From the industrial perspective, the proposed approach gives the opportunity to automatically assign a label to the acquired signals, indicating the correct machinery operating condition, regardless of the dataset available during the model training phase. In this way, the secrecy of the implemented machinery setting is kept, and only the change from one condition to another, both know and novel, is recorded in the dataset to facilitate the subsequent activities of fault detection and diagnosis. In addition, results show that AEs outperform baseline approaches in performing a simultaneous analysis at a system-level and component-level. Indeed, although it decreased with respect to the previous experiment, a higher F1 score is obtained, even if both nominal conditions corresponding to the system setting and the anomalous condition corresponding to the motor fault, are considered during model training.

5.2. Evaluating the Classification of the Operating Condition

In this section, the ability of AEs to detect the current operating condition is evaluated. Two experiments evaluate the unsupervised (Section 5.2.1) and supervised (Section 5.2.2) techniques.

5.2.1. Unsupervised Implementation

Description. This experiment aims to evaluate the implementations proposed for the unsupervised classifier. The model is based on a hierarchical clustering technique applied to the encoding of the time series generated by the AE encoder. The evaluation takes into account many settings by varying the AE model and the metrics adopted to evaluate the clusters. Table 10, Table 11 and Table 12 show the accuracy obtained by considering different window sizes, averaging the results obtained in all scenarios, and adopting the homogeneity score, rand score, and adjusted mutual information as metrics. The column RAW is the reference baseline obtained by applying the hierarchical clustering technique to the (original) input time series.

Discussion. The results show that the baseline is outperformed by our approach independently of the selected window size and metrics. The BiLSTM-based AEs provide the best results (by considering the average and the best performance obtained with the smallest window size) with all metrics. Note that, different to the AE methods, the RAW approach is almost not sensitive to the window size.

5.2.2. Supervised Implementation

Description. This experiment evaluates a classifier trained on the encodings generated by the AE approach and using target classes provided by the user. In particular, the implemented classifier is based on a Feed-Forward Fully Connected Neural Network. The network is composed of 1 layer with 64 neurons. Table 13 shows the accuracy obtained as the mean on all scenarios with a window size equal to 200 (Acc 200), and the mean/standard deviation on all scenarios with all evaluated window sizes. Table 14 shows the F1 score in classifying the different operating conditions by considering a window size equal to 200 and all evaluated window sizes.

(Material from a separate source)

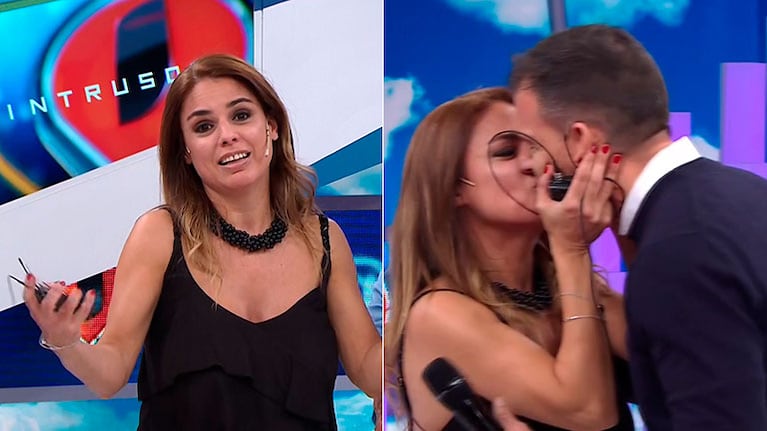 La emotiva despedida de Marina Calabró de Intrusos: su novio la acompañó y ella le dedicó palabras de amor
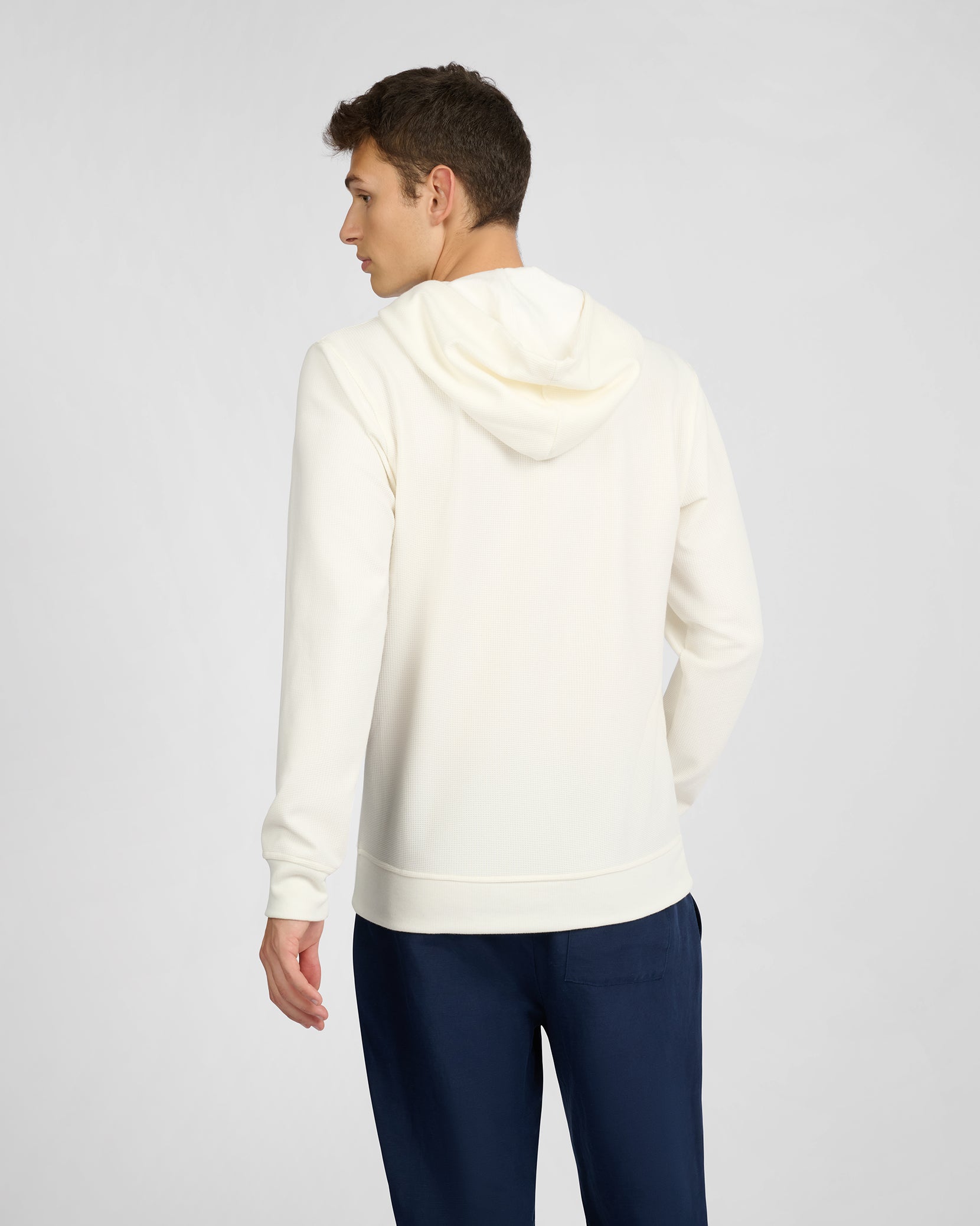 Waffle Half Button Hoodie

Discussion. The classifier shows a high accuracy score in all AE implementations. The low standard deviation measure shows the window size invariance of the approach. As expected, the F1 score measured when detecting C4 is largely lower than the other operating conditions. This is due to the anomalies existing in the C4 operating condition that make the classification process more complex.

5.2.3. Lesson Learned

AEs can effectively recognize the operating conditions where the device is being worked on. The results registered in the experiments show high levels of accuracy and F1 score, making possible the application of the technology in real world scenarios. AEs largely overcome the competing approaches in both supervised and unsupervised scenarios. The approach is robust with respect to the window size selected.

From the industrial point of view, the AEs allow the detection of faults regardless of whether it has already occurred in the past. In particular, the supervised implementation is used for fault diagnosis, so that it is possible to stop the machinery before severe consequences occur once the failure is classified. On the other hand, when the unsupervised implementation is used and a novel condition is detected, an alarm can be generated to suggest a double check by the machinery operator. In the meantime, the observations are automatically labeled as “novel” to facilitate the subsequent model re-training.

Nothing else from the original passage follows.